Grub’s marathon innings reaches the 500 mark

Graham Harvey has poured himself into the Churchill Cricket Club over the last 38 years, but it was the club’s turn to return the favour last weekend when the much-loved stalwart played his 500th game.

Affectionately known as ‘Grub’, the 54-year-old’s astonishing achievement was recognised with a celebratory breakfast on Saturday at the Churchill clubrooms with about 50 people in attendance.

Churchill secretary Wayne Reynolds described Harvey as the linchpin of the club and “the sort of guy who would do anything for you”.

“Grub is always looking for ways to help out … he doesn’t toot his own horn and he always drives what’s best for the club without making a big deal of it … he’s amazing,” Reynolds said.

“There are not too many people who have been around the league who don’t know Grub … he has many good friends throughout the association.”

So far-reaching is Harvey’s popularity that several players from rival clubs in the Traralgon and District Cricket Association attended the celebration breakfast to acknowledge the milestone.

“It just shows how well-respected he is within the league,” Reynolds said.

“By the end of the celebrations he was sick of being the centre of attention … we went on to form a guard of honour for him before the game but he just wanted to get on with it.”

Harvey, who has been at the club for 38 years, labelled the entire day “too much of a fuss” and was characteristically humble in the wake of the his astounding achievement.

“I told the club I really appreciate everything they did for me and it was just a really good experience, but it’s not my club, it belongs to the entire Churchill township,” he said.

“I just love everyone at Churchill, from the original people who started the club in 1972, I feel its my duty… they got the club running and going, and they need someone to finish it.”

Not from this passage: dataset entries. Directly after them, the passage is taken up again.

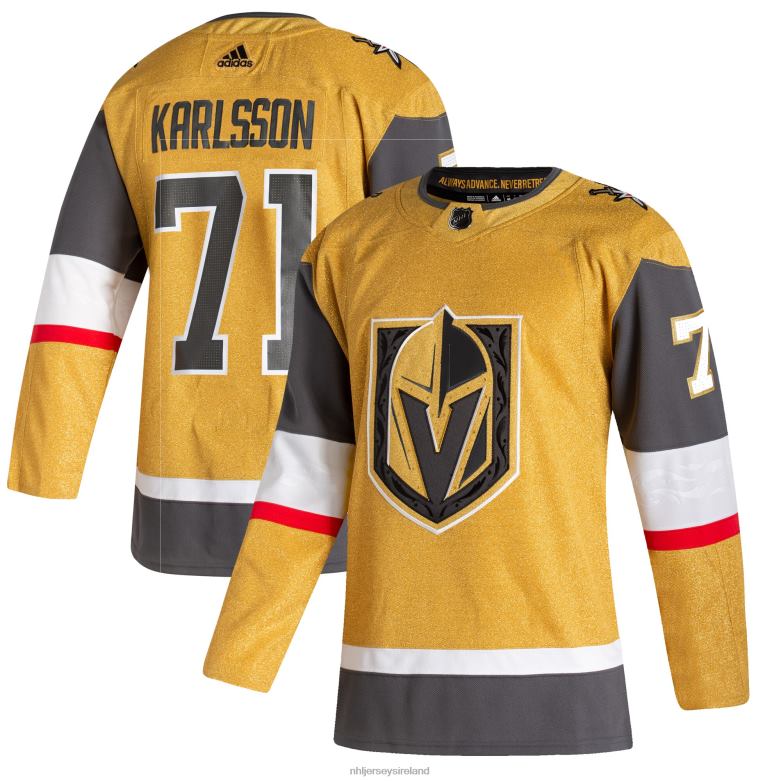 NHL Men Vegas Golden Knights William Karlsson Adidas Gold 2020/21 Home Authentic Player Jersey D002V1455 Clothing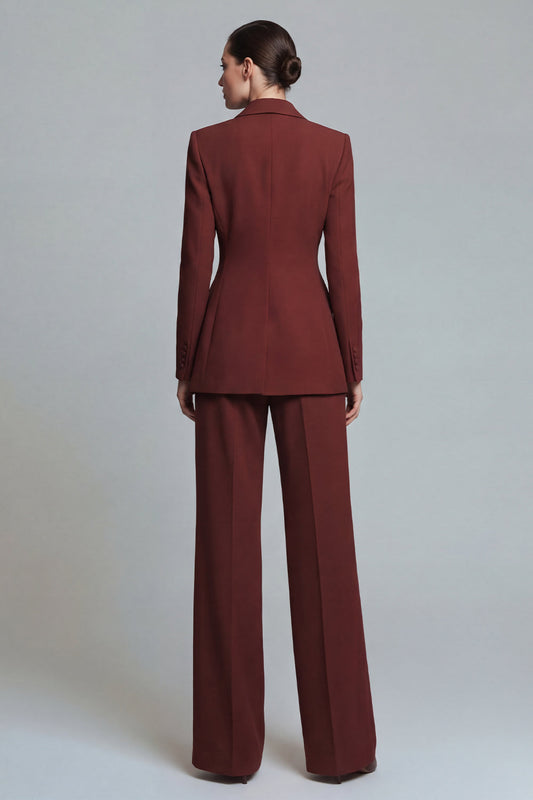 Burnt Orange 2 Piece Peak Lapel Single Breasted Prom Suits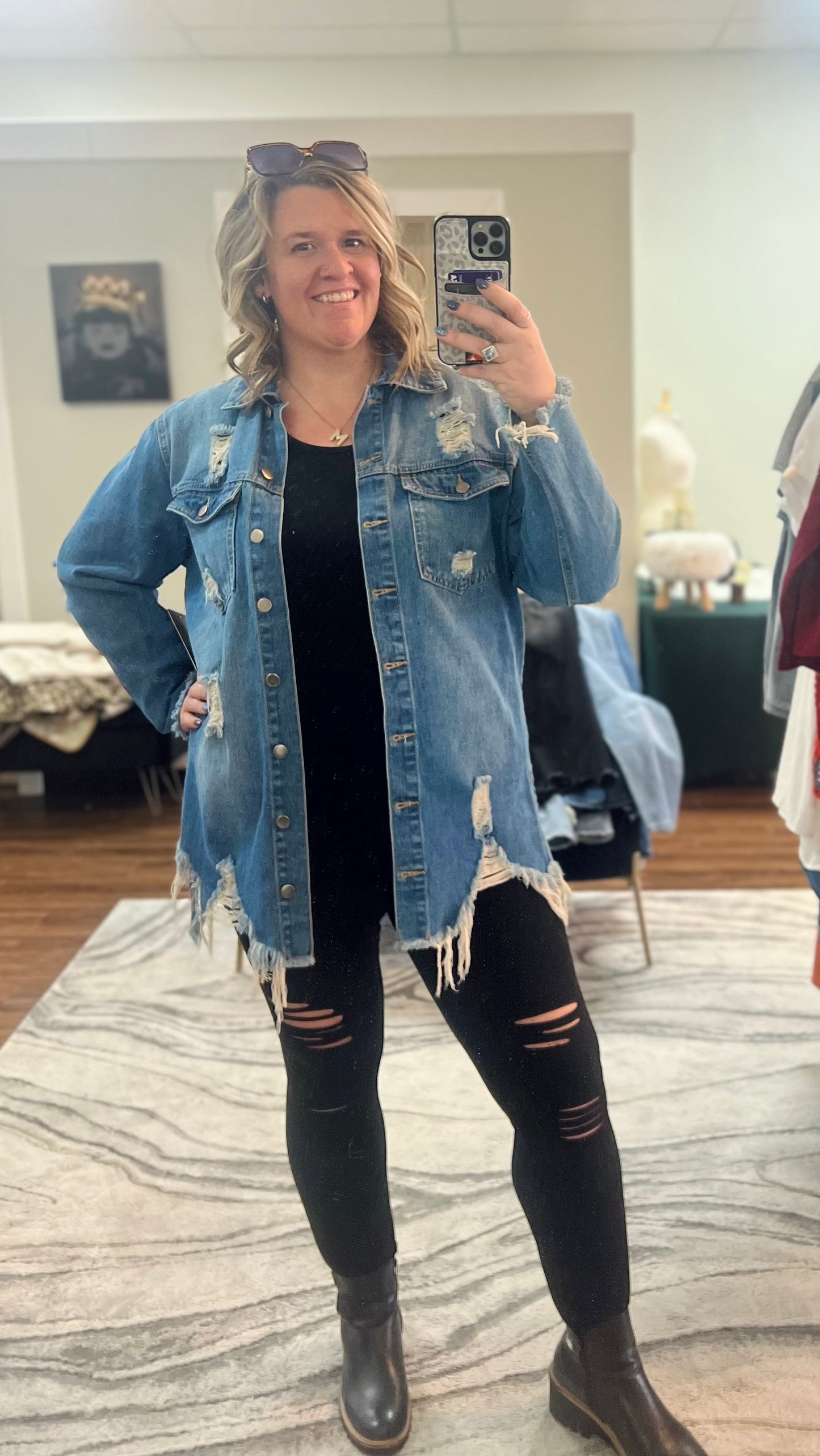 Desi Distressed Denim Jacket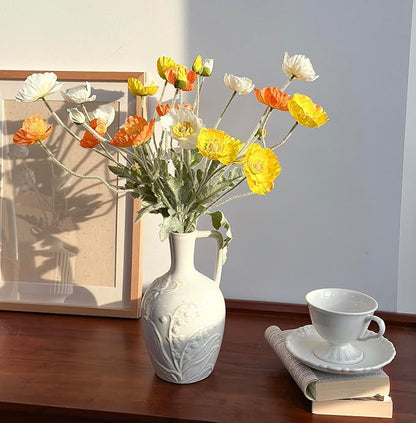 Set of 6 Multicolour Artificial Poppy Flowers, Silk Flowers with Stems for Vase Arrange for Wedding Party Home Office Indoor Kitchen Dining Table Centerpiece Decoration (White Yellow Orange)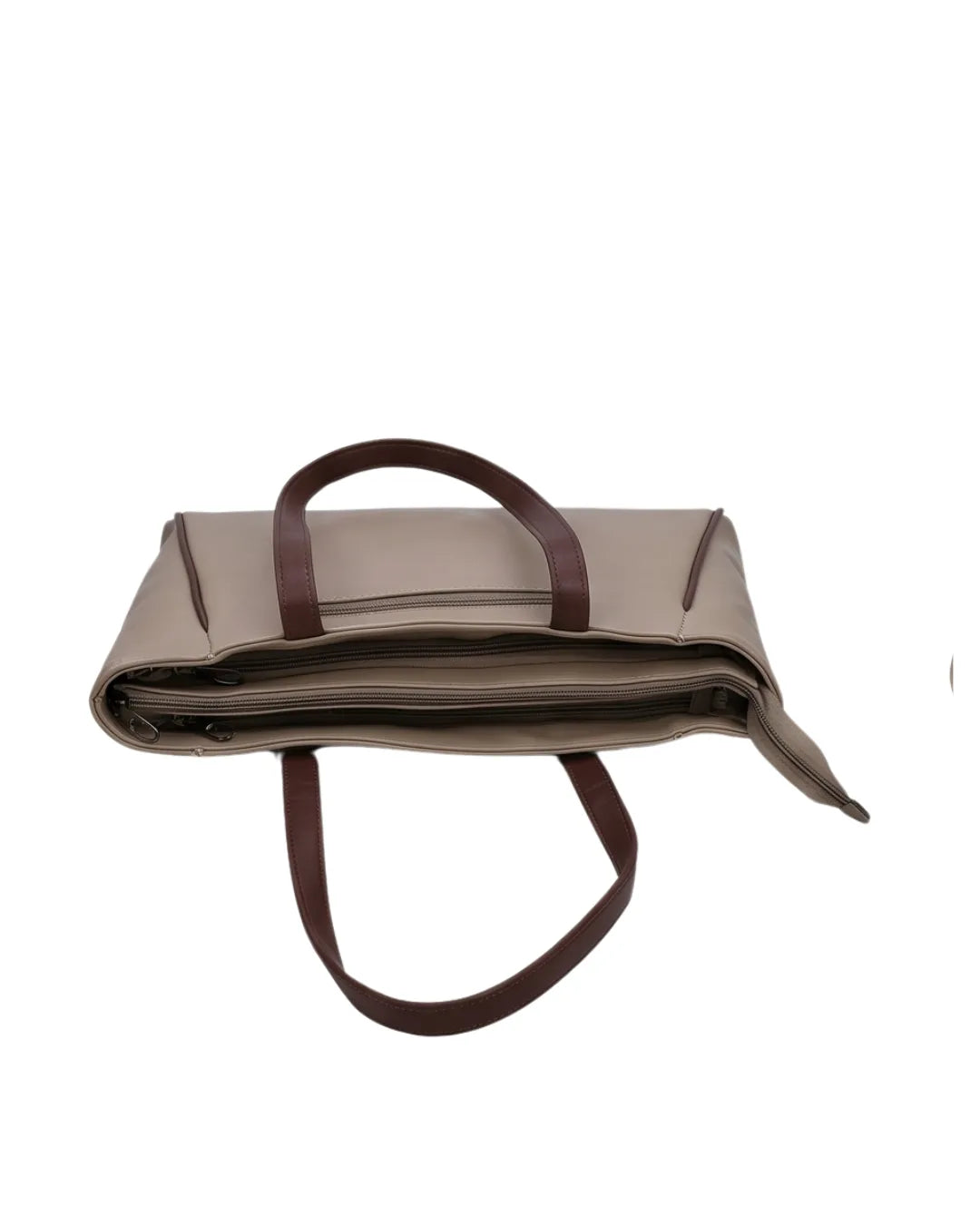 Brown handbag with a strap on a white background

Harvey has worn many hats during his time as a Churchill devotee and has been a mainstay at the club since its inception.

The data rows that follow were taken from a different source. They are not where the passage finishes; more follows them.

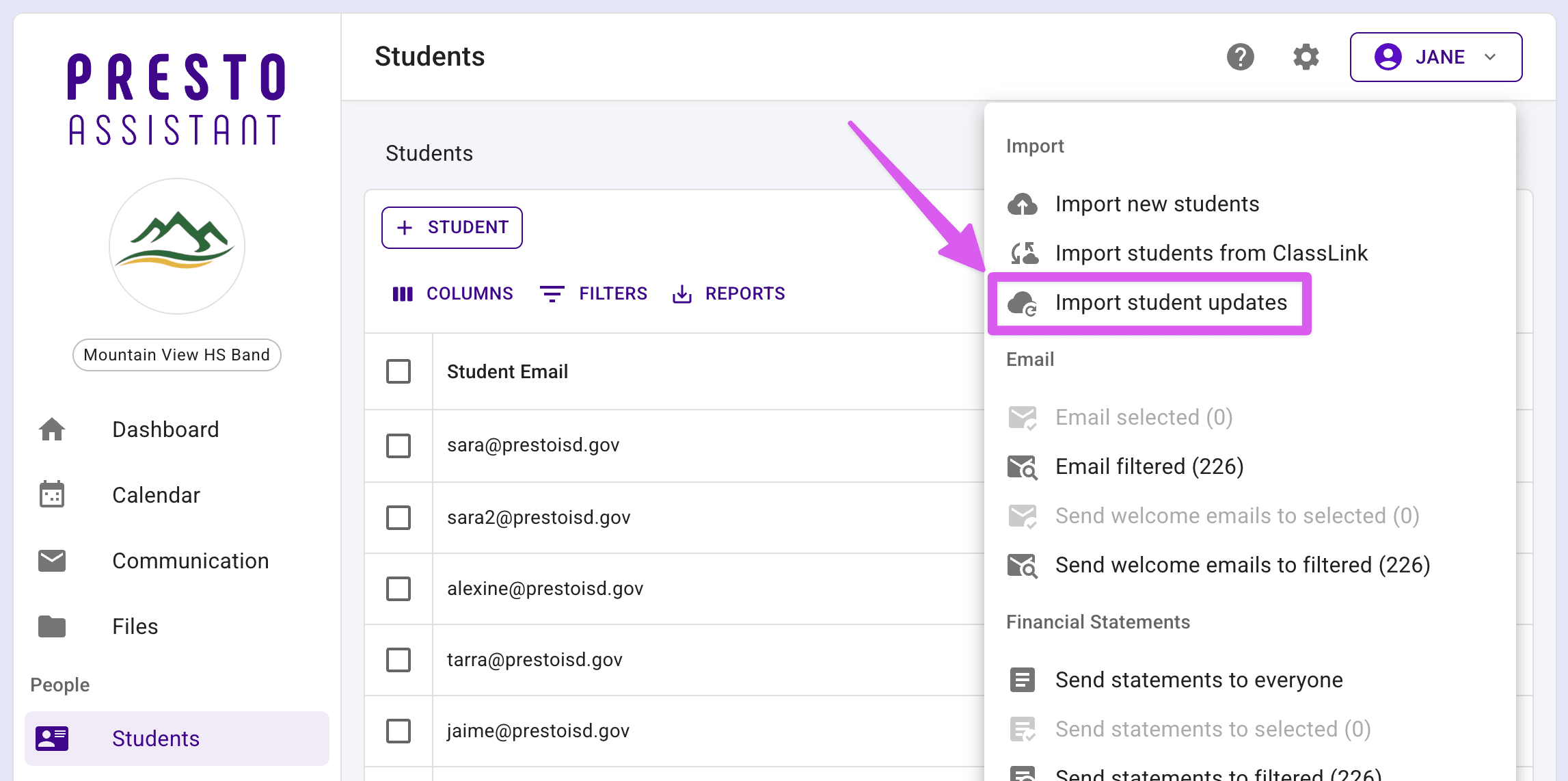 Students table highlighting the more actions icon button and menu.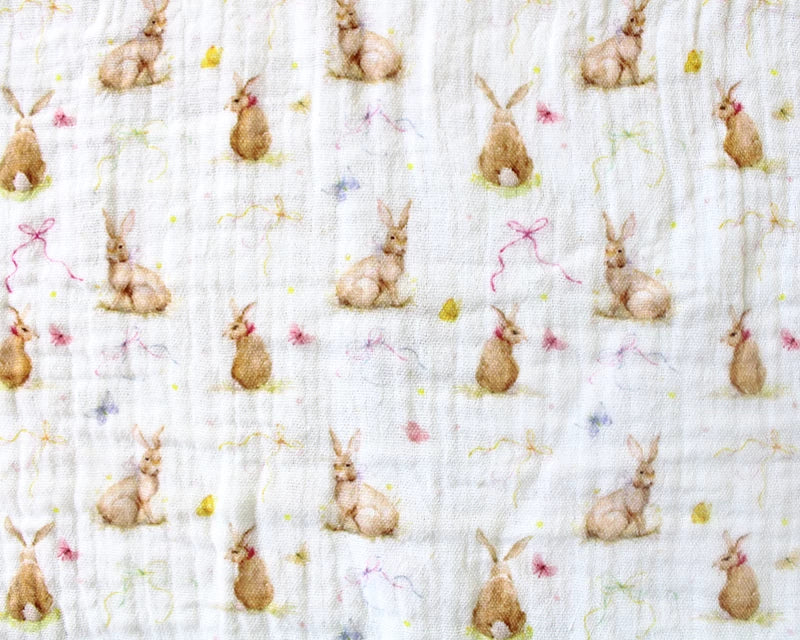 Bunny Double Gauze by Little Johnny Fabrics - 100% Cotton.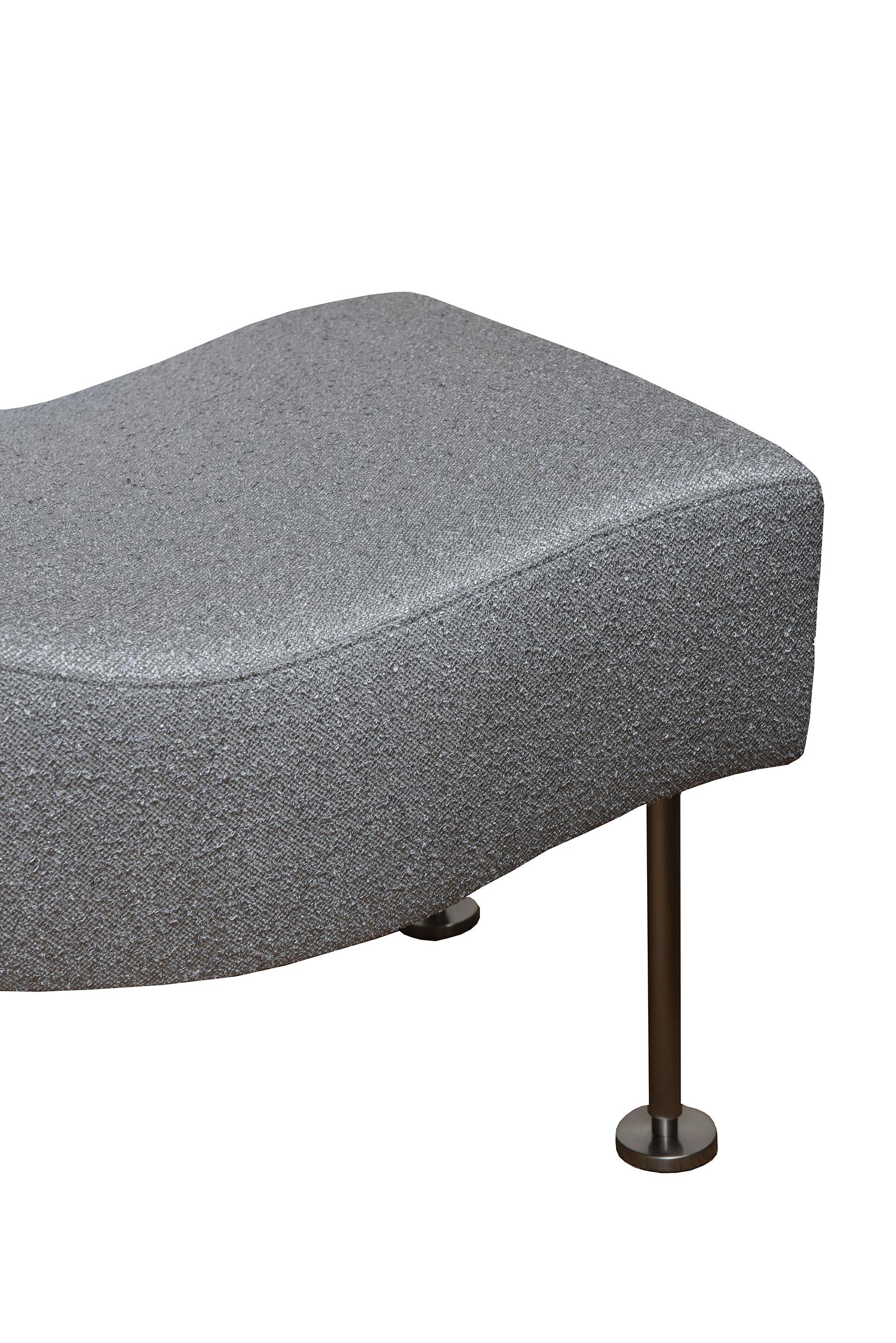 Brueton Undulatus Silver Gray Boucle Upholstered Bench with Stainless Steel Legs 1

He served as club president for 11 years, spent 17 years as vice president of the TDCA, was the driving force behind the construction of the Churchill social rooms and training nets and even witnessed the club’s first ever game in the season of 1973/74.

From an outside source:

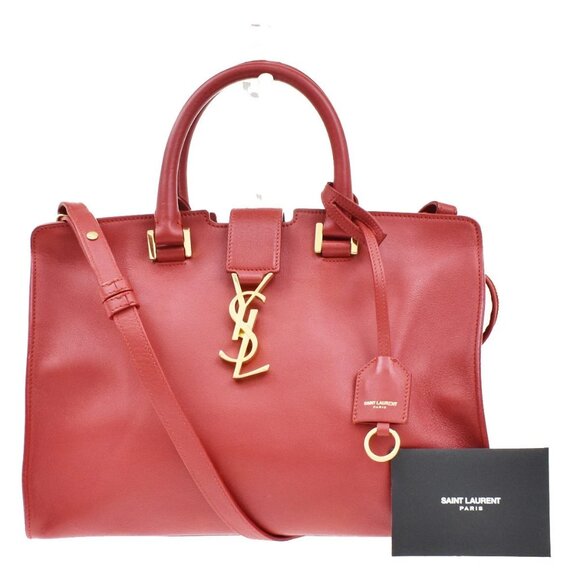 SAINT LAURENT YSL Logo Cabas 2 Way Hand Bag Leather Red GHW Italy 29KB315 - Picture 1 of 16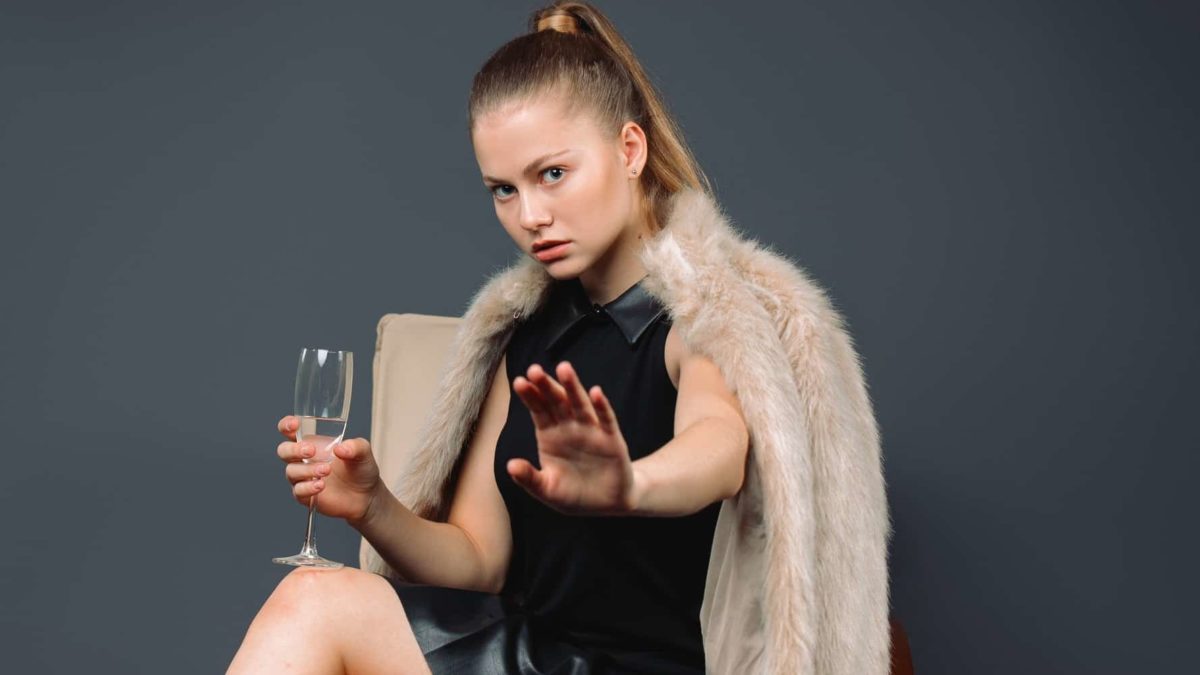Woman says no to more wine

“I remember going out to watch the first game at Gaskin Park on oval two … they played Newborough and didn’t make very many runs,” Harvey said.

“Since then the club has gone from having one senior team to having three really competitive teams … we’ve got our own social rooms that we raised money for ourselves.”

The social rooms, which were constructed in 2000, are the proud product of years of groundwork from Harvey and were named in his honour.

“I remember saying to the president before me ‘build us a social room and I’ll look after it for the rest of my life’,” he said.

“I probably wear too many hats and interfere sometimes but I just love to be involved.”

Harvey played his first A grade game for the club in 1979 and was part of the 1993/94 premiership side.

The year 1994 was extra special as it marked the birth of his twin sons.

“I was going to have a year off and help my wife with the kids, but she did such a good job that she didn’t need me,” he said.

“The A grade side needed a wicketkeeper so I put my hand up and just didn’t leave.”

Son Ryan, now 24, is keeping it in the family and is president of Churchill and plays in the club’s A grade side.

With enormous shoes to fill, Ryan is well on the way to taking over the mantle at Churchill.

“The boys were born into the club, they’ve been bought up to take over,” Harvey said.

The veteran has more than earned his keep on the pitch, not missing a season since 1979.

“Grub is a really reliable player, he keeps producing and he’s always thereabouts at the end of the year for the bowling and batting awards,” Reynolds said.

“More than that, his biggest legacy is his tireless work and humility … he’s just one of those people that simply makes the club better.”